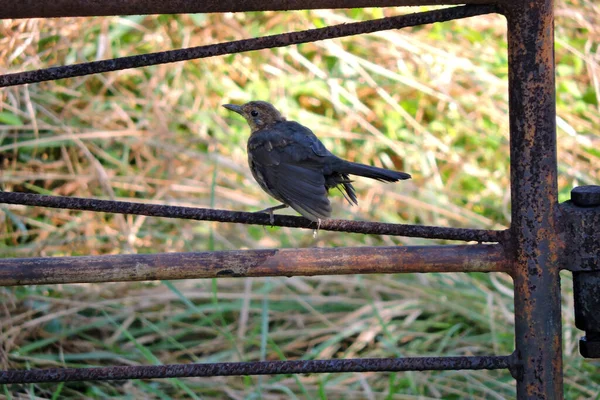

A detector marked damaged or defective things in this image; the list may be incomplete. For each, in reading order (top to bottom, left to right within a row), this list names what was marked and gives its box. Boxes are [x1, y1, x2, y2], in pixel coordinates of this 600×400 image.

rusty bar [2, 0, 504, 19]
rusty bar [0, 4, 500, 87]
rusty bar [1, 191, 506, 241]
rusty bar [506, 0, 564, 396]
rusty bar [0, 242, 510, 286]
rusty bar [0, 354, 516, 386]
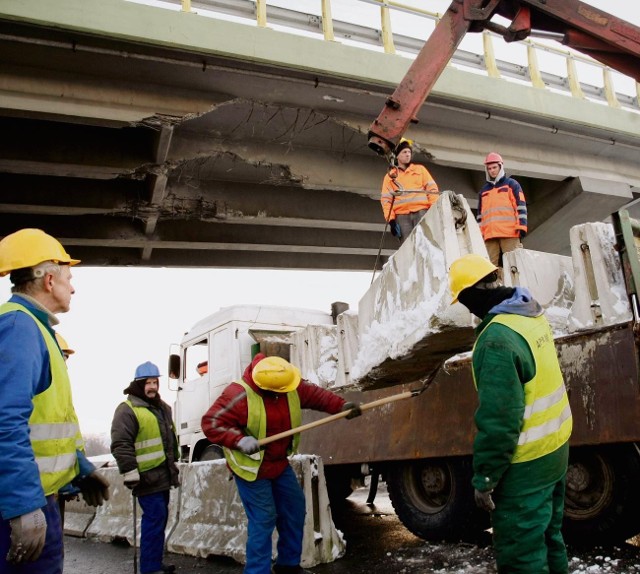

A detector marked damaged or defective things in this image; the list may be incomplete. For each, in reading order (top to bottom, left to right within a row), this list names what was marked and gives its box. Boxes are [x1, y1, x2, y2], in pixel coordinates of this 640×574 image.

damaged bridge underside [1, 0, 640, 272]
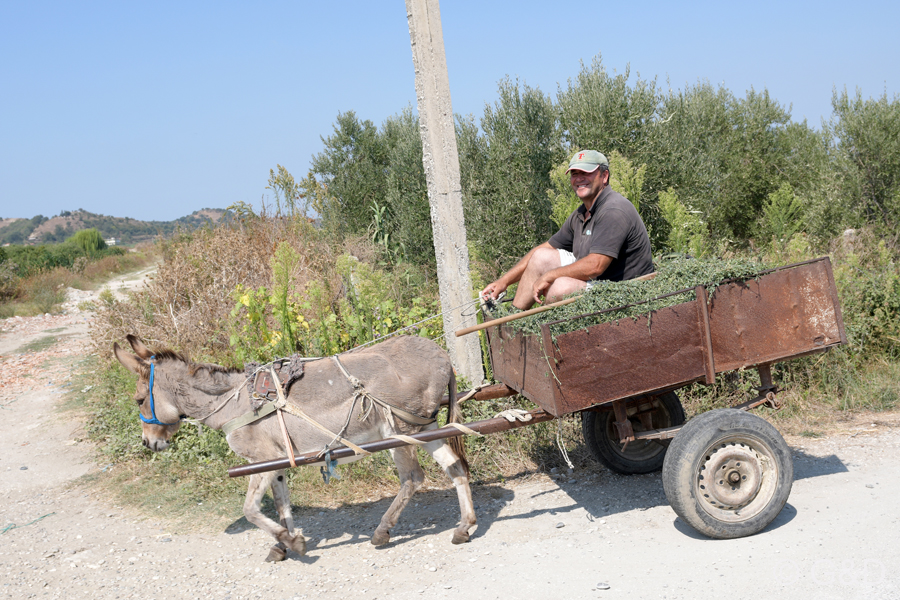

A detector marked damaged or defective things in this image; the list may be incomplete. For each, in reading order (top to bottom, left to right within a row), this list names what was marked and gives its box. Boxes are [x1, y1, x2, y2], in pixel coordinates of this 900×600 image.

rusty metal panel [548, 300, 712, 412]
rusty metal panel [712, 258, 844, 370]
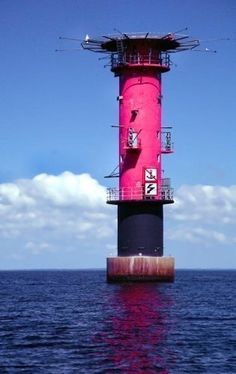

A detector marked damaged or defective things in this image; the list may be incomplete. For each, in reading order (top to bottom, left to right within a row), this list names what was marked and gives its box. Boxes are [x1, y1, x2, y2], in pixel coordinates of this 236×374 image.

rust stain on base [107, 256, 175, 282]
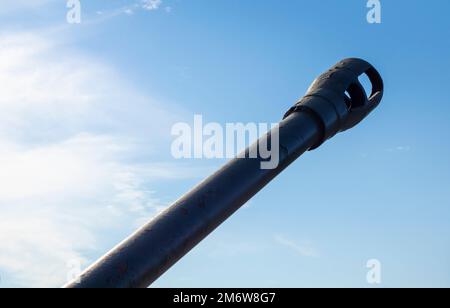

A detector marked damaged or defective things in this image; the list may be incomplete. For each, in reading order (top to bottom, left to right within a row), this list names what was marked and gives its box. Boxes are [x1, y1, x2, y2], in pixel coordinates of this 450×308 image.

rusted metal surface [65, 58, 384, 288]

_ _ _

Please restate the entries word for word. Skip the pictures.

A detector marked damaged or defective things in this image; the list may be incomplete. For each, in reading order (top to bottom, left to right within a row), this list names what was marked and gives its box. Boxes are [x1, y1, x2, y2], in pixel coordinates of this 600×400 image.

rusty bar [2, 0, 504, 19]
rusty bar [0, 4, 500, 87]
rusty bar [1, 191, 506, 241]
rusty bar [506, 0, 564, 396]
rusty bar [0, 242, 510, 286]
rusty bar [0, 354, 516, 386]

A detector marked damaged or defective things in this image; the list may be incomplete. For each, in reading order (top to bottom, left to right within a row), this list names what was marked and gives its box. Boxes are [x1, y1, x2, y2], in pixel coordinates of this 640×574 image.

damaged bridge underside [1, 0, 640, 272]

A detector marked damaged or defective things in this image; the list may be incomplete. For each, in reading order (top to bottom, left to right within a row), this list names what was marked and gives its box. Boxes are [x1, y1, x2, y2], in pixel coordinates of this 900×600 image.

rusty metal panel [548, 300, 712, 412]
rusty metal panel [712, 258, 844, 370]

A detector marked damaged or defective things in this image; the list may be incomplete. For each, in reading order (top to bottom, left to right within a row), this list names what was marked and gives its box. Boxes are [x1, y1, x2, y2], in pixel coordinates of this 236×374 image.

rust stain on base [107, 256, 175, 282]

A detector marked damaged or defective things in this image; the list may be incomplete. For each, in reading order (top to bottom, left to right within a row), this list names what was marked and gives its box. Boxes are [x1, y1, x2, y2], in pixel coordinates of this 450×308 image.

rusted metal surface [65, 58, 384, 288]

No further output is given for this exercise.